Miranda e Lima (2001) alegam que política regional contemporânea requer instrumentos que podem ser chamados de infraestrutura intangível – universalização do ensino fundamental de qualidade, competências tecnológicas, capacidade de produção de conhecimento, capacidade de aprendizagem e meios para assegurar a transferência de conhecimento entre quem o produz (oferta) e quem o transforma efetivamente em inovação (demanda). É cada vez mais notório que o desenvolvimento regional está associado à presença dessa infraestrutura intangível, indispensável para a consolidação de sistemas de inovação, que impulsionam a competitividade das firmas e contrastam com práticas deletérias, baseadas em simples atração de empresas em função de exploração de trabalho barato e de inventivos fiscais.

Em qualquer caso, vários estudos têm mostrado que links entre instituições estão entre as principais fraquezas dos países latino-americanos. No entanto, há casos de sucesso de relações cooperativas entre usuários e produtores de tecnologias, nas quais se estabelecem estreitos laços entre empresas locais e universidades e laboratórios de pesquisa. Gomes (2004) atesta que tal situação tende a ocorrer especialmente em indústrias baseadas em recursos naturais e agroindústrias, o que implica a dependência da pesquisa universitária sobre

inovação.
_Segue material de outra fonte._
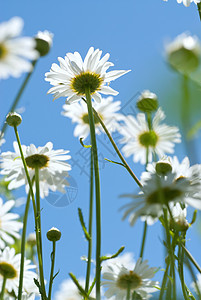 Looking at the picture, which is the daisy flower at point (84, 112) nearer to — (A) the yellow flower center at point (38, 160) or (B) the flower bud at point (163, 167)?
(A) the yellow flower center at point (38, 160)

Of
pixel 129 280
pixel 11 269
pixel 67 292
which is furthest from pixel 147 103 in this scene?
pixel 67 292

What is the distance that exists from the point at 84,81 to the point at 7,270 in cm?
41

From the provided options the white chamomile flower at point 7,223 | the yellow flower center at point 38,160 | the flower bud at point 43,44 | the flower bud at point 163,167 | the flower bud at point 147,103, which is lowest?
the flower bud at point 163,167

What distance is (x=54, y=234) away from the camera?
2.08ft

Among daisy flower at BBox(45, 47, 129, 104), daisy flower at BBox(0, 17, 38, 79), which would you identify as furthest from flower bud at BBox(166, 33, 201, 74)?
daisy flower at BBox(45, 47, 129, 104)

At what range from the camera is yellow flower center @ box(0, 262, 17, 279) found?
77cm

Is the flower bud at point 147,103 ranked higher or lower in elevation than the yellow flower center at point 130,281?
higher

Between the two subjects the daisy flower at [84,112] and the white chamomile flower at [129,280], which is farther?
the daisy flower at [84,112]

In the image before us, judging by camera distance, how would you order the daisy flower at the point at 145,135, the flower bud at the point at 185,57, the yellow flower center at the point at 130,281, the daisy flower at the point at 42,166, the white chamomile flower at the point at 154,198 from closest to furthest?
the flower bud at the point at 185,57
the white chamomile flower at the point at 154,198
the yellow flower center at the point at 130,281
the daisy flower at the point at 42,166
the daisy flower at the point at 145,135

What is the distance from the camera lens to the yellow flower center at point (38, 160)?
800 mm

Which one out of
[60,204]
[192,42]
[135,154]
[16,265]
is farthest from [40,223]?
[135,154]

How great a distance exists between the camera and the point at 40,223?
0.59 metres

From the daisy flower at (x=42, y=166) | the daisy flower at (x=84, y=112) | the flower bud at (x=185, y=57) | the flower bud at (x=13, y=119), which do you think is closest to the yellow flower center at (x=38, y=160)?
the daisy flower at (x=42, y=166)

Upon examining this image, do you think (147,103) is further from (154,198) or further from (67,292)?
(67,292) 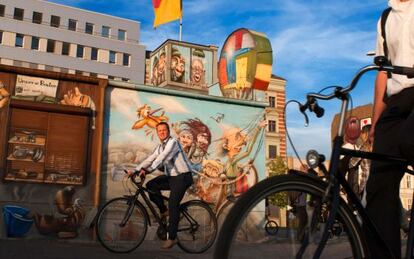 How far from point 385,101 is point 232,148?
10009mm

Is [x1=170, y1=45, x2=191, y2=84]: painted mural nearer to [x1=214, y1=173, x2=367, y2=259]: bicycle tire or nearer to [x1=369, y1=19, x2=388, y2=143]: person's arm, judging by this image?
[x1=369, y1=19, x2=388, y2=143]: person's arm

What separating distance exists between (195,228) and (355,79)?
5.99 m

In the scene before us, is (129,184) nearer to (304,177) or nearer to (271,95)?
(304,177)

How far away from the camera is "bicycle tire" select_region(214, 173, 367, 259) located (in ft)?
7.50

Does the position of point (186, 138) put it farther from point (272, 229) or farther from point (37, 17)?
point (37, 17)

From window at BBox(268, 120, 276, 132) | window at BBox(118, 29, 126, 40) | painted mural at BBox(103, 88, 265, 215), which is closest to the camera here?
painted mural at BBox(103, 88, 265, 215)

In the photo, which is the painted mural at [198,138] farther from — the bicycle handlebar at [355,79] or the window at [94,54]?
the window at [94,54]

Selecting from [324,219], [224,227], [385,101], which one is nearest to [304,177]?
[324,219]

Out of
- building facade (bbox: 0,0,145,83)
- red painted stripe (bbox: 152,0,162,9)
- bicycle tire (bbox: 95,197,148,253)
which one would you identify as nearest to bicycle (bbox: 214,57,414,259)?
bicycle tire (bbox: 95,197,148,253)

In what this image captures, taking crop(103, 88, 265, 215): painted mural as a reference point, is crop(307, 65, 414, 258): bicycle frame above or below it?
below

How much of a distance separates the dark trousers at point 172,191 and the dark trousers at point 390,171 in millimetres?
4777

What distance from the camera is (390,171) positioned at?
2973mm

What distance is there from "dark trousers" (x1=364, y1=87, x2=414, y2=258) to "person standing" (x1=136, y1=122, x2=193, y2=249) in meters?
4.79

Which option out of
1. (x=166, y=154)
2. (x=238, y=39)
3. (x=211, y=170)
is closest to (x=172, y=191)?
(x=166, y=154)
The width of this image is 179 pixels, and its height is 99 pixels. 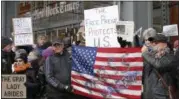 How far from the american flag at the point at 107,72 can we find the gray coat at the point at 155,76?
423 mm

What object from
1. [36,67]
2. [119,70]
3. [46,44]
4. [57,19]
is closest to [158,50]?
[119,70]

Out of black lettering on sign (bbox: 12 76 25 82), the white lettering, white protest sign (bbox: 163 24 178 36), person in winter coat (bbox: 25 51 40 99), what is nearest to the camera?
black lettering on sign (bbox: 12 76 25 82)

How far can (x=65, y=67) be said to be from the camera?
6977 millimetres

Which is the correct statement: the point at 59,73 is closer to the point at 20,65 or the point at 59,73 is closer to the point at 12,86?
the point at 12,86

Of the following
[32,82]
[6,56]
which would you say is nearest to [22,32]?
[6,56]

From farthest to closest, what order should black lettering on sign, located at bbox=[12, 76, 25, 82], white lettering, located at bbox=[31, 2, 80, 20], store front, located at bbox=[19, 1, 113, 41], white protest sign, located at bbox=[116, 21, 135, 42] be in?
white lettering, located at bbox=[31, 2, 80, 20]
store front, located at bbox=[19, 1, 113, 41]
black lettering on sign, located at bbox=[12, 76, 25, 82]
white protest sign, located at bbox=[116, 21, 135, 42]

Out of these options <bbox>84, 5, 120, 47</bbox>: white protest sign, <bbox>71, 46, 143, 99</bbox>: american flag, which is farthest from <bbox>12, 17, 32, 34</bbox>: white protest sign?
<bbox>71, 46, 143, 99</bbox>: american flag

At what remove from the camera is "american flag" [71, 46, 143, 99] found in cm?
644

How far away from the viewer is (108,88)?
675 centimetres

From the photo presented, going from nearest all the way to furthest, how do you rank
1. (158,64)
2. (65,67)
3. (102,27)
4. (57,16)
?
(158,64), (65,67), (102,27), (57,16)

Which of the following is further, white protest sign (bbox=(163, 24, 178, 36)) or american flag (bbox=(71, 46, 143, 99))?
white protest sign (bbox=(163, 24, 178, 36))

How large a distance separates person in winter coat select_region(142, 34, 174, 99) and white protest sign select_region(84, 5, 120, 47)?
1.12 m

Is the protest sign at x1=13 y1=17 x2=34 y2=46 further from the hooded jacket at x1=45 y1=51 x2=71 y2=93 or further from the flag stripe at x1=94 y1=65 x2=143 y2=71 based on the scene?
the flag stripe at x1=94 y1=65 x2=143 y2=71

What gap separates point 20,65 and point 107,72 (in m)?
1.94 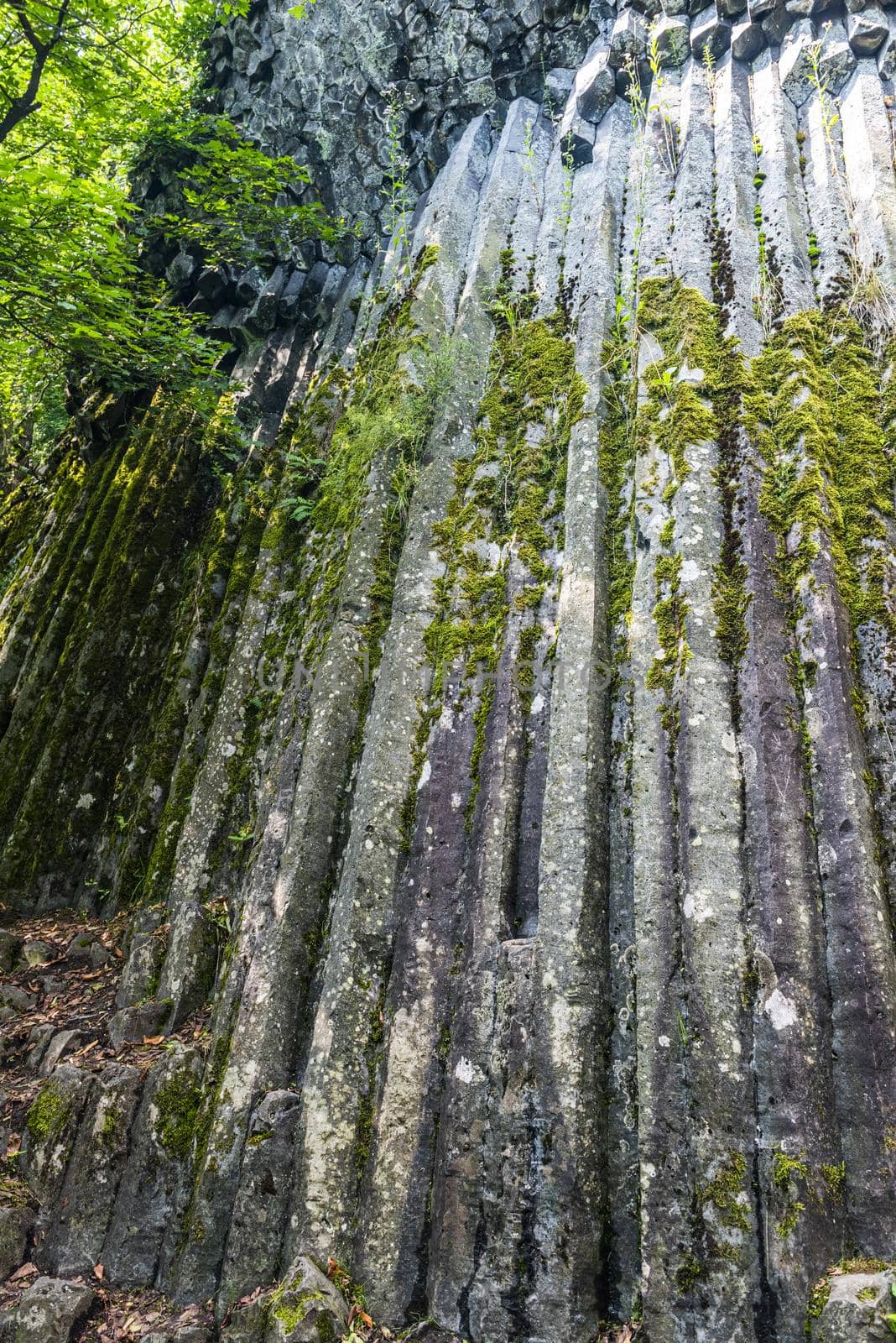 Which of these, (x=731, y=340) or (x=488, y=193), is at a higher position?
(x=488, y=193)

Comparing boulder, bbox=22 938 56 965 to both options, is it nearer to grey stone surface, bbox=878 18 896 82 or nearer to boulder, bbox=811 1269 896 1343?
boulder, bbox=811 1269 896 1343

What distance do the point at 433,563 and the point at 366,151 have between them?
26.8ft

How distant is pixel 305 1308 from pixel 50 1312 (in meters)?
1.86

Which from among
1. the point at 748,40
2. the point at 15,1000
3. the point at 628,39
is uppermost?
the point at 628,39

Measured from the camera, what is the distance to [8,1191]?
6141 mm

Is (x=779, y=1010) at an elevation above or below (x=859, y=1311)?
above

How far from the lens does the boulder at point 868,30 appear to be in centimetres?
775

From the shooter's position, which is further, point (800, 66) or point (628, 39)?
point (628, 39)

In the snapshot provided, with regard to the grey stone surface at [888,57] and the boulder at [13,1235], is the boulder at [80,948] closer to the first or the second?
the boulder at [13,1235]

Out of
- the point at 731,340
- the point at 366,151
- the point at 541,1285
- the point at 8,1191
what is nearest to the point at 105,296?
the point at 366,151

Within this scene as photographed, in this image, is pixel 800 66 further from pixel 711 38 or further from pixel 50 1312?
pixel 50 1312

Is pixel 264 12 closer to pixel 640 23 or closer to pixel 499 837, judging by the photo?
pixel 640 23

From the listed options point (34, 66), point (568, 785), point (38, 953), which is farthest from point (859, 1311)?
point (34, 66)

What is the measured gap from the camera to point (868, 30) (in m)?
7.77
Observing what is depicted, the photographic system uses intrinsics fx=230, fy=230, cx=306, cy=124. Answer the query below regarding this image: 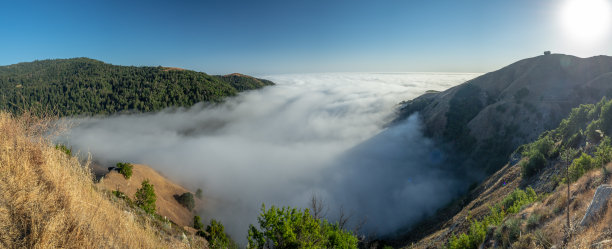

Nesses casos, as empresas locais confiam na pesquisa básica e aplicada que elas não são capazes de realizar.

Entretanto, a inovação, per se, pode não ser um fator adequado de competitividade global para atingir a meta de integração às cadeias globais. Se a taxa de inovação de um setor ou cluster for menor que a dos concorrentes, o efeito pode inclusive ser oposto, diminuindo a sua participação no mercado. Nesse quesito são comuns os estudos sobre upgrading que o diferenciam da inovação, ressaltando que esta está mais relacionada aos sistemas nacionais e regionais de inovação, nos quais as políticas públicas são fundamentais para a definição do escopo das inovações geradas. Contudo, é imperativa a análise, do ponto de vista de upgrading – agregação de valor –, que leve em conta a inserção de clusters dos países em desenvolvimento nas cadeias globais e a grande dificuldade em se regulamentar a influência dos líderes globais (KAPLINSKY e MORRIS, 2001).